--- INFORMATION PROVIDED ---
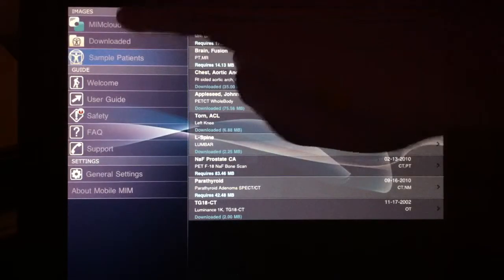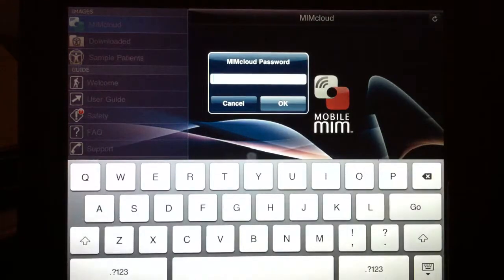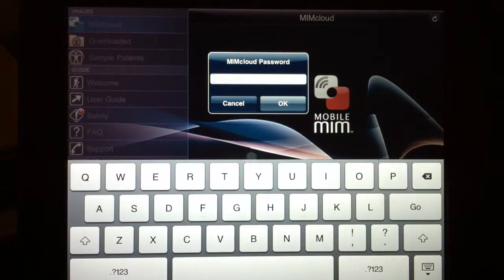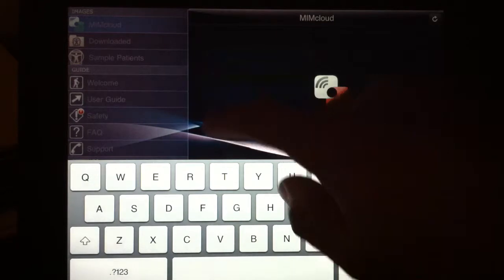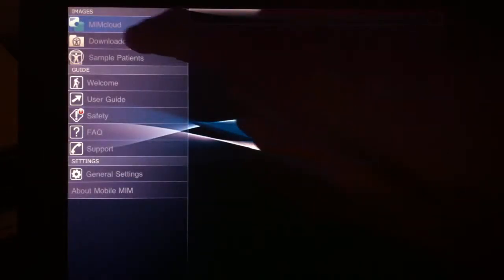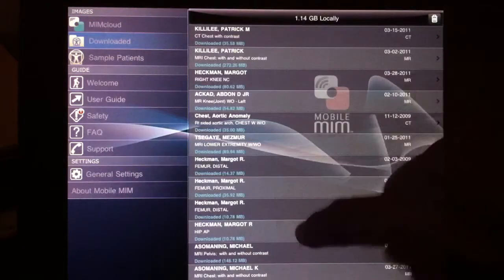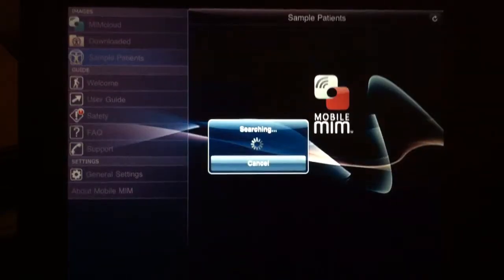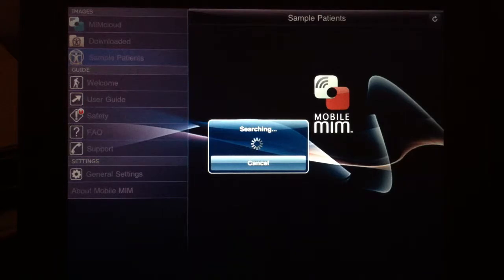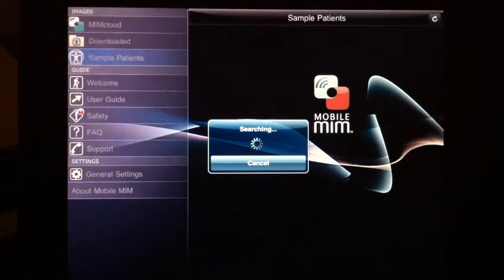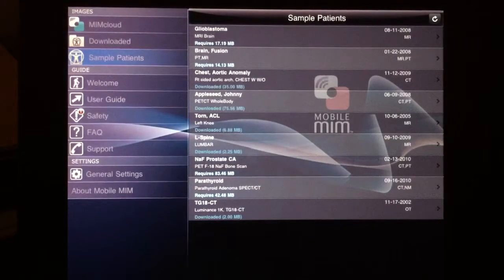If you click on the MIM cloud, it'll request your password, and this is how you get in and see the studies that you've uploaded to your cloud server. The studies that you've already downloaded are available here, and as you'll see, they're listed simply by the study type and title and not grouped by patients. So that can make it a little bit unwieldy if you have a lot of studies.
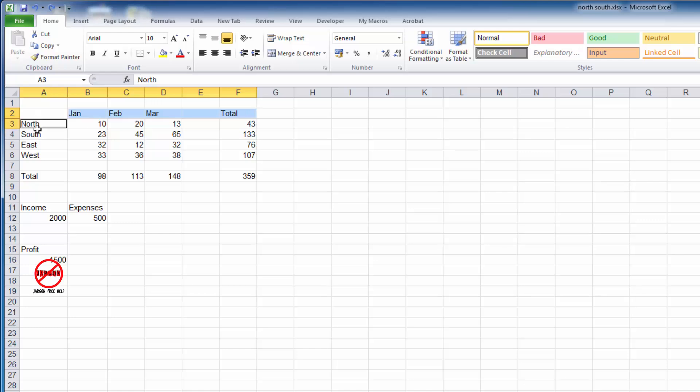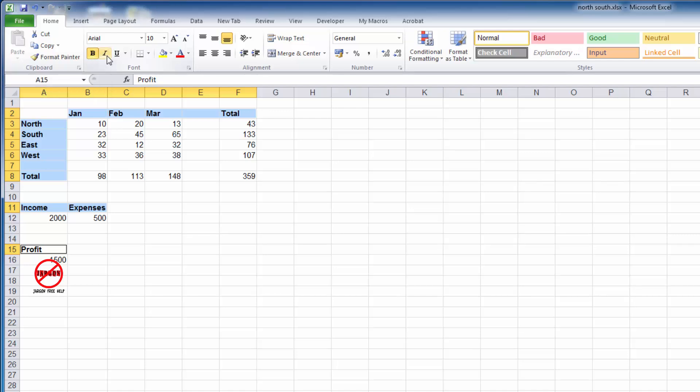You can then click on bold, italic, or whatever bit of formatting that you like, and you can see it has gone through and changed it. So that is how you can select non-adjacent cells.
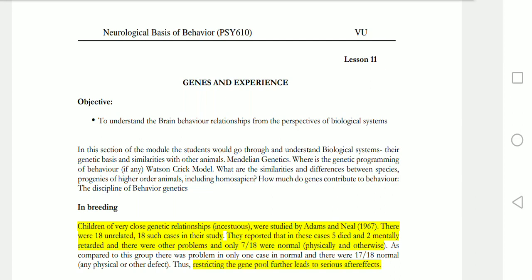As-salamu alaykum students, I hope you are fine. Welcome to Psychology with Mugadas. Today we are going to study lesson number 11, that is Genes and Experience — PSY 610 Neurological Basis of Behavior.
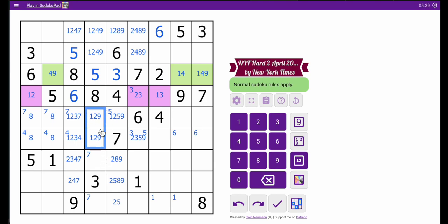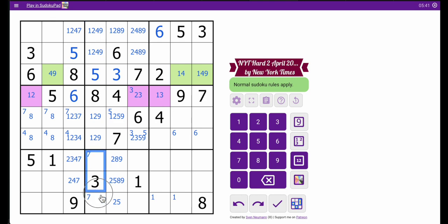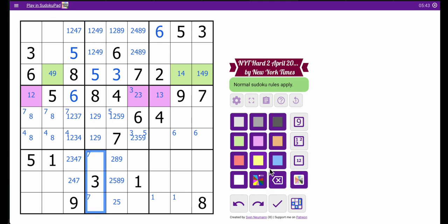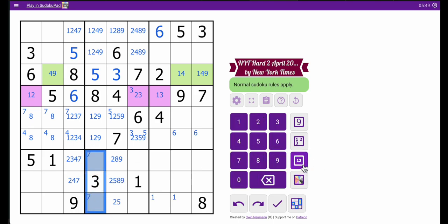6 and 7 can't be here, and it can't be here. So this — those two cells — are a hidden 6, 7 pair. And I'm glad I found that without having to fill it in first.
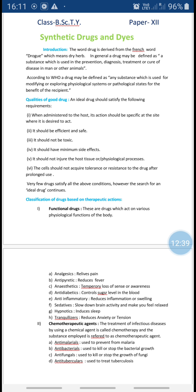For example, if you are suffering from a headache and you consume a tablet, and suddenly you have vomiting, that should not happen. The next characteristic is that the cells should not acquire tolerance or resistance to the drug after prolonged use.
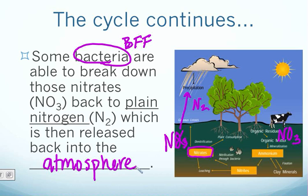Now we've gone completely full circle. With help from bacteria breaking down all the different forms of nitrogen, it gets into every sphere — allowing that important nitrogen to be shared with both plants and animals and the earth.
---
### WHAT TO PRODUCE
Reproduce the material above from its first line through the line containing "As-salamu alaykum students, I", both ends included, and skip every picture.

### EXERCISE SOLUTION
If you click on the MIM cloud, it'll request your password, and this is how you get in and see the studies that you've uploaded to your cloud server. The studies that you've already downloaded are available here, and as you'll see, they're listed simply by the study type and title and not grouped by patients. So that can make it a little bit unwieldy if you have a lot of studies.
You can then click on bold, italic, or whatever bit of formatting that you like, and you can see it has gone through and changed it. So that is how you can select non-adjacent cells.
As-salamu alaykum students, I hope you are fine. Welcome to Psychology with Mugadas. Today we are going to study lesson number 11, that is Genes and Experience — PSY 610 Neurological Basis of Behavior.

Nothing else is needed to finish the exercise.